The cost of a Credit Insurance policy depends on various factors such as the loan amount/ debt amount, type of credit and the type of policy.  Some of the methods to pay premiums in credit insurance are listed below.

  1. Single Payment method - The premium amount is calculated at the time of initiation of the policy and the borrower will be responsible for the entire payment at the time the policy is purchased.

  2. Monthly Outstanding Balance method - This is one of the most commonly used modes of payment with credit cards, home equity loans and other similar debts. There are two categories under this mode of payment. Two of the sub-categories are:

    1. Open-end accounts- The premium is charged monthly and is based on the monthly debt. The amount will be stated as a separate charge on the statement sent out by the lender.

    2. Closed-end accounts- The amount of debt does not vary and a fixed amount has to be paid every month. Failure to pay this amount will result in cancellation of the policy

How Does Credit Life Insurance Work?

Credit life insurance is typically sold by banks at a mortgage closing; it could also be offered when you take out a car loan or a line of credit. The idea is to protect your heirs if you die since the policy will pay off the loan. If your spouse or someone else is a co-signer on your mortgage, credit life insurance would protect them from making loan payments after your death. This could be appealing if you are the primary breadwinner in your family, and the loan co-signer would be unable to make payments in the event of your death.

But in most cases, any heirs who are not co-signers on your loans are not obligated to pay off your loans when you die; debts are not generally inherited. The exceptions are the few states that recognize community property, but even then, only a spouse could be liable for your debts, not your children. When banks loan money, part of their accepted risk is that the borrower could die before the loan is repaid. As such, credit life insurance protects the lender, not your heirs. The pay-out on a credit life insurance policy goes straight to the lender, not to your heirs.

Who Benefits from Credit Life Insurance?

Credit life insurance doesn’t directly benefit your spouse or heirs. Instead, the policies payout to your creditors. If you’re worried that you’re carrying an unmanageable debt burden, credit life insurance could set your mind at ease. That way you know your spouse won’t inherit that debt or face eviction from your family home.

You could just make your spouse the beneficiary with a regular life insurance policy. This would place responsibility on him or her to pay off the mortgage (and/or other debts) over time. But if your life insurance policy won’t cover enough of your debt, credit life insurance could help.


  1. What is a Credit Life Insurance Cover?

Credit Insurance is a type of insurance policy that is used to pay off existing debts in cases such as death, disability and in some cases, unemployment. Credit insurance protects the policyholder from the lender from the borrower’s inability to repay the loan or debt due to various reasons. The insurance policy will pay the lender on behalf of the policyholder.

  1. Why do I need credit life insurance?
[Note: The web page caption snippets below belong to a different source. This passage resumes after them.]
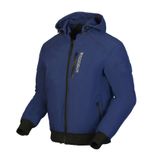 Modeka Clarke veste de moto imperméable en textile, bleu, taille XL
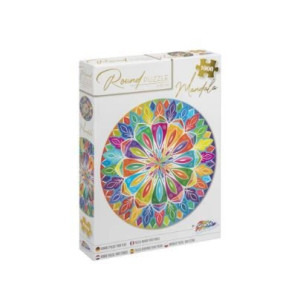 ΠΑΖΛ ΣΤΡΟΓΓΥΛΟ MANDALA 1000 ΚΟΜΜΑΤΙΑ 68CM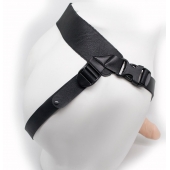 Пустотелый фаллопротез на ремешках с заклепками - 19,5 см. - LOVETOY (А-Полимер) - купить с доставкой в Пензе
All credit providers are entitled to require you to maintain credit life insurance during the time of the credit agreement so that the credit obligations will be met should you pass away, become disabled, or retrenched and unable to pay the debt. It is designed to protect and provide a measure of security for both you and the credit provider.

  1. How will my claims be paid out?

In the event of a claim, the sum insured will be paid to the credit provider directly to settle your credit agreement obligation.
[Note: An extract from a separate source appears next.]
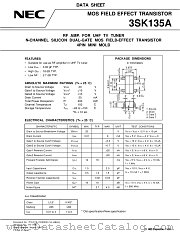 3SK135A datasheet pdf NEC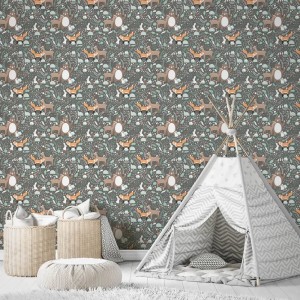 Marburg|Wallpaper kids astronauts in blue space|Children's 2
  1. What is the difference between Credit Property insurance and other types of credit insurance?

Unlike the other three credit insurance policies, credit property insurance is not directly related to an event affecting the borrower’s ability to repay the debt.

  1. Is credit insurance mandatory for a loan?
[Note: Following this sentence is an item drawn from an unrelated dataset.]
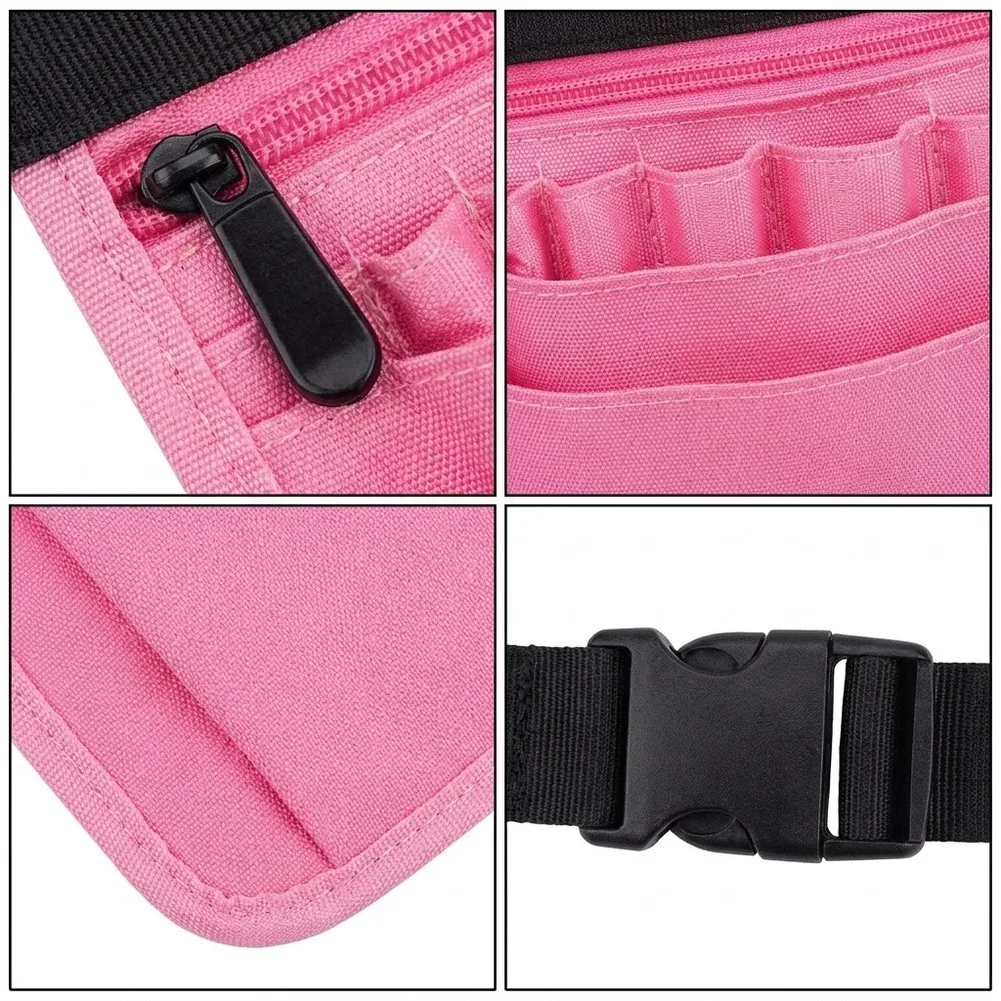 Black Waterproof Storage Bag Zipper Closures Adjustable And Removable Belt Comfortable To Wear Easy for Quick Release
Credit insurance is optional. But it always advisable to avail credit insurance with a loan to stay protected against loan liabilities.

End Note

In most cases, credit life insurance allows your heirs to fare financially well in the event of your death and protects anyone who cosigned a loan, credit card or mortgage with you. It can be a handy tool, but other life insurance policies can achieve the same goals and more.